What you will do:
Transcribe the records that follow, preserving every word.

[Stored items from a collection]

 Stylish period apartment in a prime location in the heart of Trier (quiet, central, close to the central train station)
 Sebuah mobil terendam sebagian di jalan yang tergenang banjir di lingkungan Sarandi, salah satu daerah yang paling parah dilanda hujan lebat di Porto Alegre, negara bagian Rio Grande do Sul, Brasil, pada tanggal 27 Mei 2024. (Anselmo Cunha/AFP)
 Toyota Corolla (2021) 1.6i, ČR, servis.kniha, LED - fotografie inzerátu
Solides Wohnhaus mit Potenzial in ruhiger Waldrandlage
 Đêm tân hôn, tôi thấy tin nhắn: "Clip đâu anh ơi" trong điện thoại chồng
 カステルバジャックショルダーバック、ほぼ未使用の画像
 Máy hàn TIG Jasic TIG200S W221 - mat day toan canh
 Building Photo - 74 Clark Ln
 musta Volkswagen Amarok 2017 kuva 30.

Result of this task:
 Stylish period apartment in a prime location in the heart of Trier (quiet, central, close to the central train station)
 Sebuah mobil terendam sebagian di jalan yang tergenang banjir di lingkungan Sarandi, salah satu daerah yang paling parah dilanda hujan lebat di Porto Alegre, negara bagian Rio Grande do Sul, Brasil, pada tanggal 27 Mei 2024. (Anselmo Cunha/AFP)
 Toyota Corolla (2021) 1.6i, ČR, servis.kniha, LED - fotografie inzerátu
Solides Wohnhaus mit Potenzial in ruhiger Waldrandlage
 Đêm tân hôn, tôi thấy tin nhắn: "Clip đâu anh ơi" trong điện thoại chồng
 カステルバジャックショルダーバック、ほぼ未使用の画像
 Máy hàn TIG Jasic TIG200S W221 - mat day toan canh
 Building Photo - 74 Clark Ln
 musta Volkswagen Amarok 2017 kuva 30.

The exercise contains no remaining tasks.